My eyes were already welling up from the music and the shear emotion of the experience.
Then he walked in…
and he froze…
and then he hit the ground.
His teacher sprung into action before I could even process whatever was happening before my eyes… Within seconds he was crying and screaming and she was right there comforting him.
The other children continued to walk in. The parade continued, they just walked around him. I wondered if they’d practiced that part? The “show must go on” part?
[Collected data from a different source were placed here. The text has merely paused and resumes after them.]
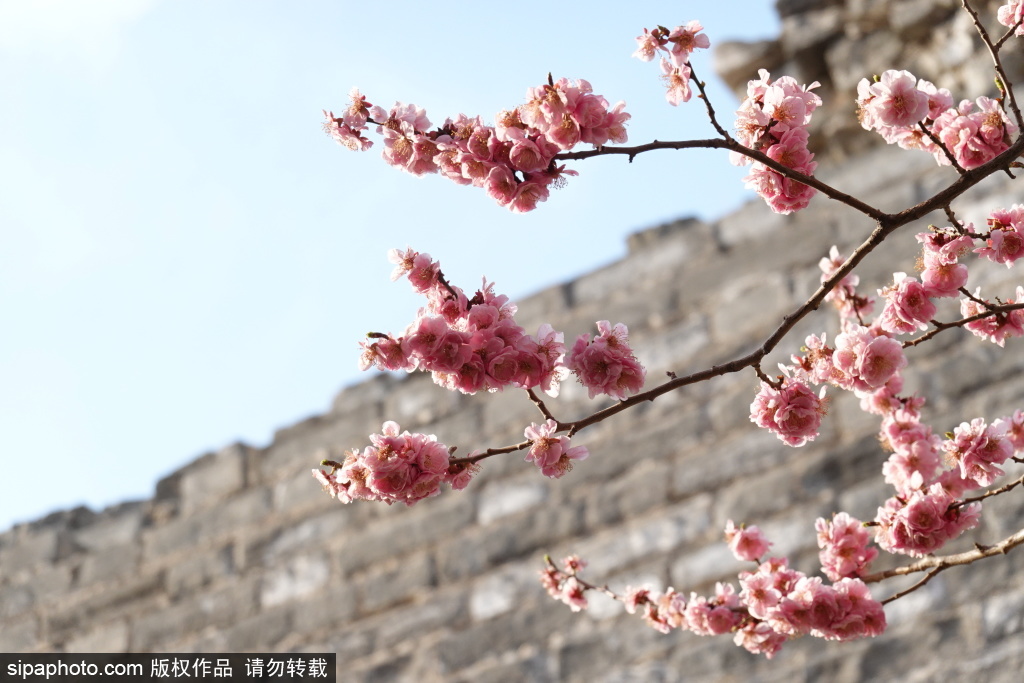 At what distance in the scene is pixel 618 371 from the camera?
176 centimetres

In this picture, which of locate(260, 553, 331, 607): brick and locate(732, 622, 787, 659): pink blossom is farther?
locate(260, 553, 331, 607): brick

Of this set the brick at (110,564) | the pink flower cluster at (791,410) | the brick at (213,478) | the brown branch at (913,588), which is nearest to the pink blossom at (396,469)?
the pink flower cluster at (791,410)

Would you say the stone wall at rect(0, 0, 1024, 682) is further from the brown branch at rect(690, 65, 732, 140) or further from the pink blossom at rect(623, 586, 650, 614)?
the brown branch at rect(690, 65, 732, 140)

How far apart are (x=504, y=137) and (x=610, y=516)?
2.00 m

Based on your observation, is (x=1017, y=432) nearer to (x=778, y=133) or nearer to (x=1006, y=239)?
(x=1006, y=239)

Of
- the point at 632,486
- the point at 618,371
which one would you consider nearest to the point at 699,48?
the point at 618,371

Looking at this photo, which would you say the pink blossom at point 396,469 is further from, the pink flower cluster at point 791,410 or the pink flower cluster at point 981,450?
the pink flower cluster at point 981,450

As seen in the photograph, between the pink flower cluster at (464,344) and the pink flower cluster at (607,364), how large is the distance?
0.11 ft

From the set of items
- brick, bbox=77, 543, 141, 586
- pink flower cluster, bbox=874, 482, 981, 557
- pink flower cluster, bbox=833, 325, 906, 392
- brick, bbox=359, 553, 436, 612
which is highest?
brick, bbox=77, 543, 141, 586

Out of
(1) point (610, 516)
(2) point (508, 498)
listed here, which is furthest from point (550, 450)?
(2) point (508, 498)

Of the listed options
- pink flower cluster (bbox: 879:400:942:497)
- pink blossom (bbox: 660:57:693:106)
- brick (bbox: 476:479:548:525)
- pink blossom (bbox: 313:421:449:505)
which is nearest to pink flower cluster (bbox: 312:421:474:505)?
pink blossom (bbox: 313:421:449:505)

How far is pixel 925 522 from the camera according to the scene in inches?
82.6

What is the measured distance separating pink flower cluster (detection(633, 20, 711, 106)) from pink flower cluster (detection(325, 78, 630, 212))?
133mm

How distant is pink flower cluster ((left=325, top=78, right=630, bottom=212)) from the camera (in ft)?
5.57
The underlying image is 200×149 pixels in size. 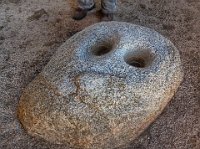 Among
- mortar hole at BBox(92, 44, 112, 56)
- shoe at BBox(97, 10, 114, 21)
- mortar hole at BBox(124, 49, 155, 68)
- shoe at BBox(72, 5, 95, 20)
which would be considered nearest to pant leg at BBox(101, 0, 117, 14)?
shoe at BBox(97, 10, 114, 21)

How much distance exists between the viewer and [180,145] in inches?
74.8

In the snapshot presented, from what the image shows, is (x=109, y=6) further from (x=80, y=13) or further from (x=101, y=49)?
(x=101, y=49)

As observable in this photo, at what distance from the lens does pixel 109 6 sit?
2621 millimetres

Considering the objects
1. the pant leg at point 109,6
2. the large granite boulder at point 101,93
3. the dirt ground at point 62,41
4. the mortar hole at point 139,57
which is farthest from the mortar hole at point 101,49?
the pant leg at point 109,6

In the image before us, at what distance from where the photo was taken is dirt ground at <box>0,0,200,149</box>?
1943 millimetres

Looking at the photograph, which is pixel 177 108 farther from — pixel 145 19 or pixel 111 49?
pixel 145 19

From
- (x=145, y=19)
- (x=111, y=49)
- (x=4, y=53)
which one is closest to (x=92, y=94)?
(x=111, y=49)

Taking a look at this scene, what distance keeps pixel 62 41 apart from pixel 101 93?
0.79 meters

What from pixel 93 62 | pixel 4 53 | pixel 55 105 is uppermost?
pixel 93 62

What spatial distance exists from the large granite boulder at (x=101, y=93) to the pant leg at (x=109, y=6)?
0.55m

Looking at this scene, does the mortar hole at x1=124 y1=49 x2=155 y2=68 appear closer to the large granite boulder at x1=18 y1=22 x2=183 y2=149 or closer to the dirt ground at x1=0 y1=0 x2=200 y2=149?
the large granite boulder at x1=18 y1=22 x2=183 y2=149

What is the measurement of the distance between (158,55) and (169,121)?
14.8 inches

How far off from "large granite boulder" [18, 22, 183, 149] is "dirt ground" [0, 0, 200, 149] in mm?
77

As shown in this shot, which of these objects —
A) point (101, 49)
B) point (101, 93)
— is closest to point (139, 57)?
point (101, 49) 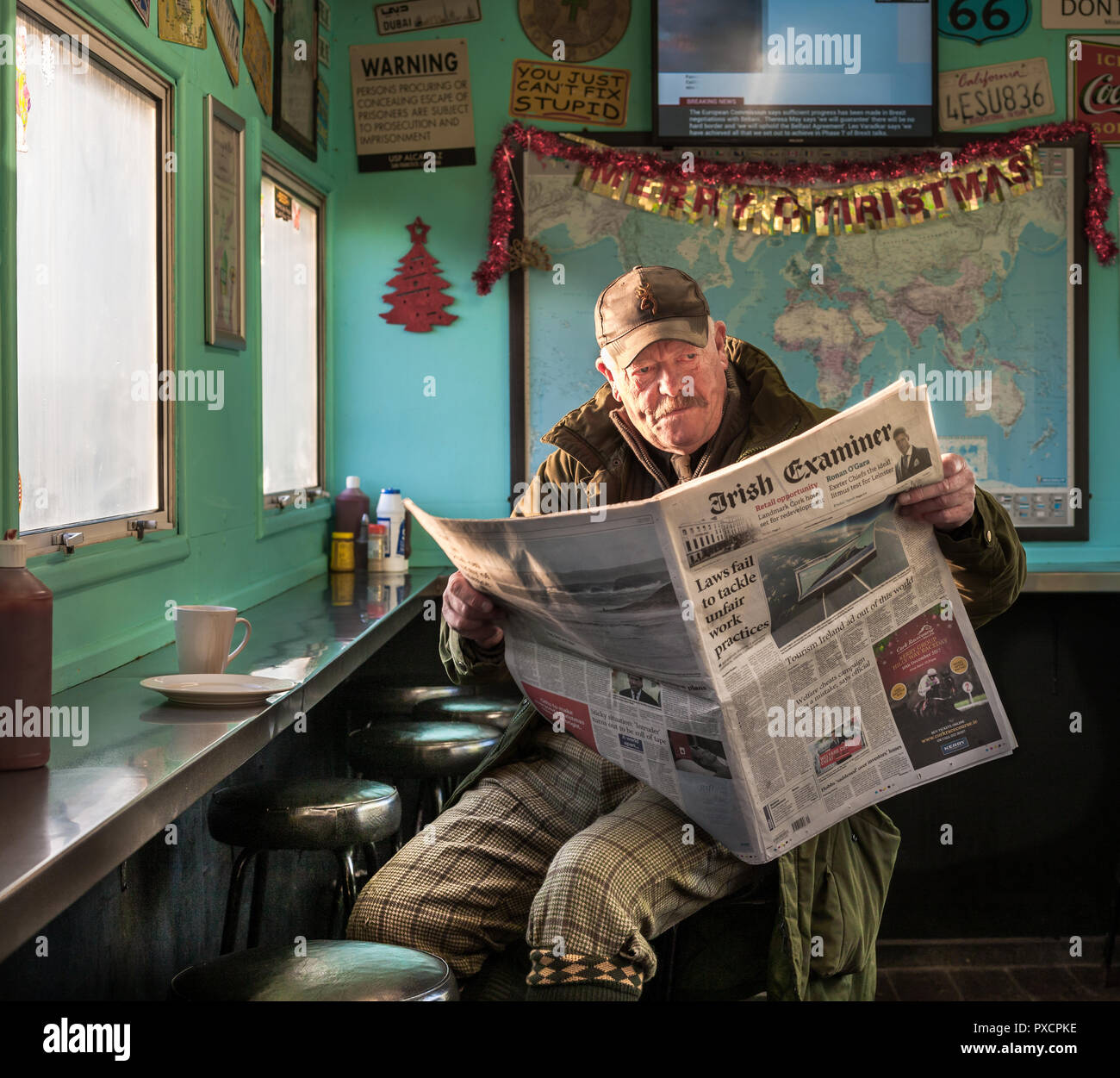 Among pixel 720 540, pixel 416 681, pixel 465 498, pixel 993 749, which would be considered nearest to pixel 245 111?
pixel 465 498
The show did go on. It had to.
At least for everyone else.
We weren’t paying attention anymore.
The children gathered in front of us. As they began singing all I could hear was wailing coming from the back of the gym. I wanted to jump up and run to him, but I also wanted to give his teachers the opportunity to calm him down, something that is practically impossible for me to do in that kind of setting.
There I was in the front row, watching these beautiful children sing a song they learned, that they practiced, for this very moment. My son had learned the song too. He had practiced. But he couldn’t be up there.
I couldn’t move. I wanted to run to him, but at the same time I didn’t want to be rude and walk away as these kids had their moment. I didn’t want to hate these children for not having Autism, but I have to admit that I did just a little bit…if I am honest with myself and you.
Thirty seconds were an hour in slow-motion processing time. Eventually I realized I was sobbing profusely, mere feet from these precious children doing what my child couldn’t…and that I really wasn’t doing anyone any favors no matter what choice I made.
So I got up and I ran to my child.
Because that is what mothers do.
They’d taken him out of the gym so that he could calm down (the song was too loud? too much? who knows)
I don’t know who was crying more (EB or me) but when I reached his teacher. She tried to comfort me, “He wanted to do it. He wanted to try. That’s a great thing, Debby.”
And I know that it is.
But I didn’t want to know it then. I didn’t want to celebrate how great it was that he wants to be like his peers. ”He wants to do it and he can’t and that sucks.” I replied, mascara dripped onto my white cardigan…
I recognize I sounded like a spoiled brat.
“I know it does.”, she said softly. Cause what else do you say to that?
She took me outside to him and I held him as he cried…as I cried.
I said as confidently as I could, ”I am so proud of you! You did a great job. You tried so hard. I am so proud. I love you so much.”
After a few minutes he had gained enough composure to try to go walk across the stage to get his diploma. His beloved aide went with him.
His Kindergarten teacher called his name and he ran across the stage, grabbed the diploma from her hands, yelled “CHARGE” and barreled his way through to the other side.
There were a few gasps. Some uncomfortable giggles from the parents.
One woman behind me sighed and said, “That’s the one that was crying when he came in.”
Much of this I didn’t notice until I watched it replayed on video.
The only thing I noticed at the time was my child in crisis.
I ran to him again.
“I’m so proud of you. You did such a great job. You did just what you were supposed to do.”
“It’s okay. We are all done now.”
“All done.”, I signed again and again.
For his comfort and for mine.
We left the gym and the graduation and went back to our little Autism classroom.
We played Connect Four and laughed.
The tears dissipated quickly (though mine have returned intermittently since) and life went on as usual.
One week from now no one will remember EB’s meltdown at the ceremony.
But he’ll be a first grader just like everyone else.
And we’ll be “All Done” until September.